Modern digital technology continues to have a massive impact on how insurance inspection is performed for both homes and businesses. With the right technology in place, it’s possible to not only inspect a portfolio of properties faster, but verify risk is accurately quantified.
In some cases, technology’s influence is obvious. For instance, Insurance Risk Services has pioneered insurance inspection solutions aimed at clarifying and accelerating the project workflow. With us, it has never been easier to know what the next step in the process is and who is responsible for it.
In truth, insurance inspection is still integrating the power of mobile technology. Now, artificial intelligence is making its presence felt. Technology interfaces with underwriting processes not solely on the enterprise side, but also on the property owner side. One remarkable example is smart homes.
Emerging Underwriter Consensus Says Smart Homes Are Safer
Consumer-facing firms have advertised the “home of the future” in one way or another since the 1930s. For most of the last century, the claims have far outpaced the results. Now, thanks to the combination of mobile technology and artificial intelligence, things are changing for the better.
Underwriters tasked with establishing the risk profile of a smart home or business would do well to consider the ways smart technology mitigates the likelihood of casualty events – and lessens their impact on property value and replacement costs should the worst happen.
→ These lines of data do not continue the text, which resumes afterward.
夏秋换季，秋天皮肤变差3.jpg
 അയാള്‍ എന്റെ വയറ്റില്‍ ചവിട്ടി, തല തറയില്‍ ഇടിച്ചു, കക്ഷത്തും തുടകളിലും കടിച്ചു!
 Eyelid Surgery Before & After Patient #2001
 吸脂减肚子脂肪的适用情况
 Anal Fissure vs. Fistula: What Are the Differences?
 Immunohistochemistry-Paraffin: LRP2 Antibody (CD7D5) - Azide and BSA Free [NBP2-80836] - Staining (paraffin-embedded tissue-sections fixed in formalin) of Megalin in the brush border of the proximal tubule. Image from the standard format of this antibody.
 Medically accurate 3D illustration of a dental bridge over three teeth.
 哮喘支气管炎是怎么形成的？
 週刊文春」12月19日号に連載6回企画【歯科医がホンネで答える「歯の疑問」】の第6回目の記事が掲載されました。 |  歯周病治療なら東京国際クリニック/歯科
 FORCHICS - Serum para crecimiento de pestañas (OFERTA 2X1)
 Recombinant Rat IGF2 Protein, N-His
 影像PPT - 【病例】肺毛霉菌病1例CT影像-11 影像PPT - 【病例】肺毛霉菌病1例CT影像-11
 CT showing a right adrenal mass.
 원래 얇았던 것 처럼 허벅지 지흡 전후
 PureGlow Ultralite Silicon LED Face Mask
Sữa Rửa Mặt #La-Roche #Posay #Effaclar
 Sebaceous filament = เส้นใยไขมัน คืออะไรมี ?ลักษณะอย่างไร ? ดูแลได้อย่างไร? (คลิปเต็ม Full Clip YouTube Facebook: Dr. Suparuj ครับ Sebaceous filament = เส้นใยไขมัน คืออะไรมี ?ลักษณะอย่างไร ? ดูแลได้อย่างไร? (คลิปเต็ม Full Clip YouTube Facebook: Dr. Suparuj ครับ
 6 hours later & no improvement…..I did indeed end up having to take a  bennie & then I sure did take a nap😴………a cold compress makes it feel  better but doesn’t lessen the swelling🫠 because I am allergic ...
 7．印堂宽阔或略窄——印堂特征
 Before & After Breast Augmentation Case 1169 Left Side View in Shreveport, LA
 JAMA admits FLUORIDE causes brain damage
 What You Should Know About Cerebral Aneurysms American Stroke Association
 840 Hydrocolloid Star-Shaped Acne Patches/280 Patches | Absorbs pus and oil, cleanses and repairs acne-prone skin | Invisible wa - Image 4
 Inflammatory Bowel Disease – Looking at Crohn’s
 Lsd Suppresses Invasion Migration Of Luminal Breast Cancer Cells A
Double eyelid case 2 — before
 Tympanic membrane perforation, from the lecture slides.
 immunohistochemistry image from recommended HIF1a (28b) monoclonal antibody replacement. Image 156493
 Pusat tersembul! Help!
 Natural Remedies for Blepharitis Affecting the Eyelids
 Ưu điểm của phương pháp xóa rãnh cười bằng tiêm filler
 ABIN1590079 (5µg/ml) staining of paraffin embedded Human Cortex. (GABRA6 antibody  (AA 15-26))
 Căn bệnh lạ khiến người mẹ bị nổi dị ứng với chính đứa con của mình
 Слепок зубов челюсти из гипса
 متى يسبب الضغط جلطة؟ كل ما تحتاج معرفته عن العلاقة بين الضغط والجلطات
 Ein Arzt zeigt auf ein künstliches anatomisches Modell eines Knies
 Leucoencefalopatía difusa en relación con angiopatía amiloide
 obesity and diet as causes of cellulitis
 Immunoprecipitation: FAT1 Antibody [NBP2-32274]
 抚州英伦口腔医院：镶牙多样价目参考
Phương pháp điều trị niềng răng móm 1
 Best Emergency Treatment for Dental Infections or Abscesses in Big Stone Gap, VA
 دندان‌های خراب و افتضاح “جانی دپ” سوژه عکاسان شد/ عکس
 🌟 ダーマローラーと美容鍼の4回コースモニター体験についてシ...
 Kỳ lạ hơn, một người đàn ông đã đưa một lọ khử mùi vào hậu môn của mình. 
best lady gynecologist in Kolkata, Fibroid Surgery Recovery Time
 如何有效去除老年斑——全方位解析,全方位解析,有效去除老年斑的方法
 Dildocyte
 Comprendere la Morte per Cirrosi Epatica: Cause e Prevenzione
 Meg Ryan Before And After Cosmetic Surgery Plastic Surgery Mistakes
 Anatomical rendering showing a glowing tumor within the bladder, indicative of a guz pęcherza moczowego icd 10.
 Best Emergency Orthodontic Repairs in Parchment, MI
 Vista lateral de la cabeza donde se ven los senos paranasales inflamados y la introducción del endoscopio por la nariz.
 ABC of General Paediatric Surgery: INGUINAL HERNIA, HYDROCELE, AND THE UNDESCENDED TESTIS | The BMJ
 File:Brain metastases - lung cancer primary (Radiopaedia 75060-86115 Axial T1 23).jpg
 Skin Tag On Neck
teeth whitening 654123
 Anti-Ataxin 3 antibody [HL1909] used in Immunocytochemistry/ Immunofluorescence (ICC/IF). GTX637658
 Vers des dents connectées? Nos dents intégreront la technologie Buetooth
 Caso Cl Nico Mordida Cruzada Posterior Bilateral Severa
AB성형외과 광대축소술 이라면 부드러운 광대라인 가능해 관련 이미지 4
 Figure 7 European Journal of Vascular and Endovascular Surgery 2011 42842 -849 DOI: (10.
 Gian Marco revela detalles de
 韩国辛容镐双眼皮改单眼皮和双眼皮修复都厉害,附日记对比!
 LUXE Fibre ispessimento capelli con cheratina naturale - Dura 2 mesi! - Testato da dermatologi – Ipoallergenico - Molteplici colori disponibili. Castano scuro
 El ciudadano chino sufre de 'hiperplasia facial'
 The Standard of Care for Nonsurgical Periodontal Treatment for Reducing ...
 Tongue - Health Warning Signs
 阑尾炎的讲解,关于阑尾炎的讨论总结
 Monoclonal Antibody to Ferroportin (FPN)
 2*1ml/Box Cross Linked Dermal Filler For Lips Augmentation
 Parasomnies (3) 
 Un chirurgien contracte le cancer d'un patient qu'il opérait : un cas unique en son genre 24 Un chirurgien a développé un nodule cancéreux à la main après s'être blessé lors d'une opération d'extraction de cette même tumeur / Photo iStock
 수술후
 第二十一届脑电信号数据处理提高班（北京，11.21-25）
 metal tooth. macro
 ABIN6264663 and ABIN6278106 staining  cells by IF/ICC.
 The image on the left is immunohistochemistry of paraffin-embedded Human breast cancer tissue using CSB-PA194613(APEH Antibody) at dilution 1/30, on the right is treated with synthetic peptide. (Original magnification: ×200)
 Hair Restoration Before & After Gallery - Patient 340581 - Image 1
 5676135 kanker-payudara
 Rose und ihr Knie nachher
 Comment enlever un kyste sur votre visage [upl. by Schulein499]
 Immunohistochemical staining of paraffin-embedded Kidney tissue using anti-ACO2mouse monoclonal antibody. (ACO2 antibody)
Let’s look at a few of the many ways smart homes can curb risk:
1. Enhanced Physical Security of Premises and Property
It’s long been known that even the appearance of a security system can deter would-be burglars, sending them elsewhere. Smart intrusion detection systems can operate in a variety of ways that work seamlessly, invisibly, and even more effectively at summoning help. Property damage and theft claims may be affected not only at the individual property but throughout the neighborhood, thanks to the chilling effect on crime.
2. Fire Detection and Prevention
It was not that long ago when homeowners and business owners alike began to incorporate carbon monoxide alarms into their properties. With a network of multiple environmental sensors incorporated all throughout the structure, smart homes have the potential to detect fire, smoke, and dangerous contaminants more quickly. In a matter of years, specialized tests like radon detection may also become inexpensive and efficient features.
3. Leak and Flood Detection
Although property owners are almost always aware when they are in a flood zone, leaks can be much more subtle and just as devastating. A leak that goes undetected for any significant period of time can lead to a vast increase in mold in the walls. This might even foster black mold, with devastating human health consequences. Smart home sensors can point to potential leaks by measuring moisture levels in the air.
4. Environmental Impact Reduction
A building’s wiring system is among the most important aspects to review in detail to get an accurate picture of its risk profile. Smart thermostats not only cut costs by reducing wasted electricity – such as cooling and lighting empty rooms – but gradually reduce the workload on electrical infrastructure and cut down on fire risk. At the same time, reduced overhead contributes to greater financial health and lower default risk where relevant.
5. Remote Monitoring of Assets
While there are many ways to monitor both commercial and residential properties, these generally involve the implementation of a large and complex system that often requires third-party oversight. Now, smart homes are introducing fully integrated monitoring that can be accessed with existing smartphones and other devices. This manages a wide range of risks, including crime, that are elevated when a property is unoccupied.
6. Continuous Improvement Using Data
If smart home services have been available at a property for months or years, reviewing the data directly may be helpful to an underwriter’s calculations. At the same time, a property owner can consult information from a smart home system to recognize risk management opportunities. Just like GPS and similar control mechanisms in fleet management, this data may soon become a seamless part of portfolio risk analysis.
7. Preventive Building System Maintenance
Last but certainly not least, smart homes can spotlight information that would otherwise be impossible to access without the help of an experienced tradesperson, such as an HVAC technician. Plumbing, HVAC, and wiring are just a few areas where data internal to the system can now be foregrounded for human attention – for example, sending up an alarm when the temperature rises at a specific junction of wires.